The avalanche hit the hotel in Farindola on January 18, 2017, as 40 people, including guests and staff, were inside waiting for help following extreme weather conditions and a series of earthquakes in the area.

Most of the 29 victims were instantly crushed to death.

Eleven people survived.

Rescuers reached the site several hours after the avalanche and had to travel on foot because roads had been blocked by heavy snow.

“Seven years after the unforgettable Rigopiano tragedy, we renew our closeness to the relatives of the 29 victims and to the entire Abruzzo community and join them in their call for justice,” said Senate Speaker Ignazio La Russa.

Last February, a preliminary hearings judge in Pescara convicted five people and acquitted 25 others in relation to the tragedy, amid strong protests from victims’ relatives in the courtroom.

The 30 defendants, including administrators and public officials, as well as the manager and owner of the hotel, were charged in various capacities with the offences of culpable disaster, multiple culpable homicides, injuries, forgery, deception and building abuse.
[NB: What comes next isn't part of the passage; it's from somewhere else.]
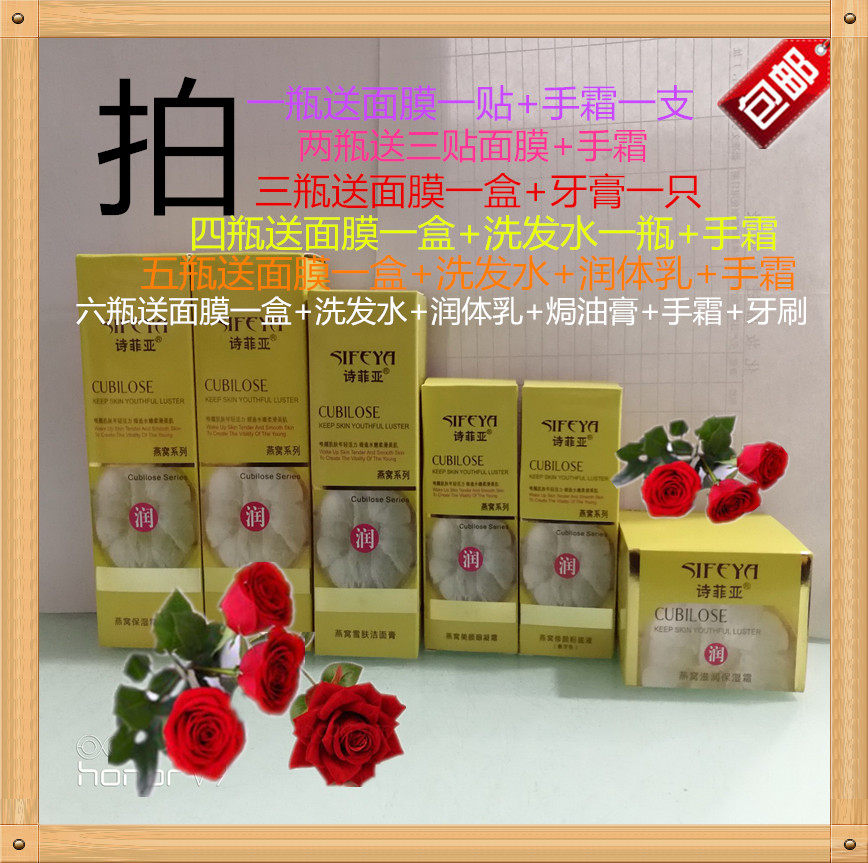 欧肌丽诗菲亚燕窝系列.水.乳.霜.粉底.眼霜.洗面奶拍下有礼品赠送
The mayor of Farindola was found guilty and got two years and eight months in prison while two former officials, the ex-Prefect of Pescara and the ex-Provincial President, were among those acquitted.

The appeal judgement is scheduled for February 9.
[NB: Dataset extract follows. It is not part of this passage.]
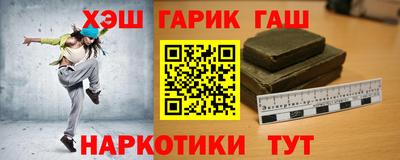 соль ск Аргун
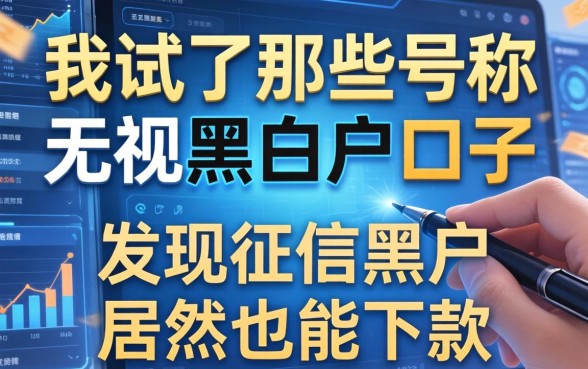 我试了那些号称无视黑白户的口子，发现征信黑户居然也能下款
Deputy Prime Minister and Foreign Minister Antonio Tajani said the memory of the victims “must spur us to work so that similar tragedies do not happen again”.

Tajani also recalled “with gratitude the heroic work carried out by the rescuers, in particular by the finance police, whose staff at the L’Aquila Alpine rescue station were the first to reach the structure still isolated by the snow, providing aid to the people trapped inside and contributing decisively to containing the tragic toll induced by the avalanche”.